What this task involves |
Restate the entries below without a single change.

[Saved data entries]
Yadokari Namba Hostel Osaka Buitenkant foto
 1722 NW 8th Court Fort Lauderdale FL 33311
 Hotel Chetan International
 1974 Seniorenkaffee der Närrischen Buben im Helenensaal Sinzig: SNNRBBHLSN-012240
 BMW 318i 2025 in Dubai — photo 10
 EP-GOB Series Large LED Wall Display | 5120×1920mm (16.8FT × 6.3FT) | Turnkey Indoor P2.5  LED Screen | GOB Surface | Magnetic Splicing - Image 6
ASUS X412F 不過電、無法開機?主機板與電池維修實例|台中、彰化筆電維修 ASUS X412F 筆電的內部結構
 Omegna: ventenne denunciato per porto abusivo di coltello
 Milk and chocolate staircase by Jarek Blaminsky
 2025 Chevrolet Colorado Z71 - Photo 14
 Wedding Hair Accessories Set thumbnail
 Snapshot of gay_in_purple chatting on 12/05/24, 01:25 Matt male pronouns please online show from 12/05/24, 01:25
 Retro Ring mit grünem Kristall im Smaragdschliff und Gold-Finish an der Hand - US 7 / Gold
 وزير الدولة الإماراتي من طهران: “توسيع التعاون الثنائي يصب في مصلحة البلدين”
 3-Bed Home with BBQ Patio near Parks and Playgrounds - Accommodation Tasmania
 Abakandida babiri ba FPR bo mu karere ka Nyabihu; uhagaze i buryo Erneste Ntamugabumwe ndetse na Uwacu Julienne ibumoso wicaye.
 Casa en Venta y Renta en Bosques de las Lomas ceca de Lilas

Exercise answer |
Yadokari Namba Hostel Osaka Buitenkant foto
 1722 NW 8th Court Fort Lauderdale FL 33311
 Hotel Chetan International
 1974 Seniorenkaffee der Närrischen Buben im Helenensaal Sinzig: SNNRBBHLSN-012240
 BMW 318i 2025 in Dubai — photo 10
 EP-GOB Series Large LED Wall Display | 5120×1920mm (16.8FT × 6.3FT) | Turnkey Indoor P2.5  LED Screen | GOB Surface | Magnetic Splicing - Image 6
ASUS X412F 不過電、無法開機?主機板與電池維修實例|台中、彰化筆電維修 ASUS X412F 筆電的內部結構
 Omegna: ventenne denunciato per porto abusivo di coltello
 Milk and chocolate staircase by Jarek Blaminsky
 2025 Chevrolet Colorado Z71 - Photo 14
 Wedding Hair Accessories Set thumbnail
 Snapshot of gay_in_purple chatting on 12/05/24, 01:25 Matt male pronouns please online show from 12/05/24, 01:25
 Retro Ring mit grünem Kristall im Smaragdschliff und Gold-Finish an der Hand - US 7 / Gold
 وزير الدولة الإماراتي من طهران: “توسيع التعاون الثنائي يصب في مصلحة البلدين”
 3-Bed Home with BBQ Patio near Parks and Playgrounds - Accommodation Tasmania
 Abakandida babiri ba FPR bo mu karere ka Nyabihu; uhagaze i buryo Erneste Ntamugabumwe ndetse na Uwacu Julienne ibumoso wicaye.
 Casa en Venta y Renta en Bosques de las Lomas ceca de Lilas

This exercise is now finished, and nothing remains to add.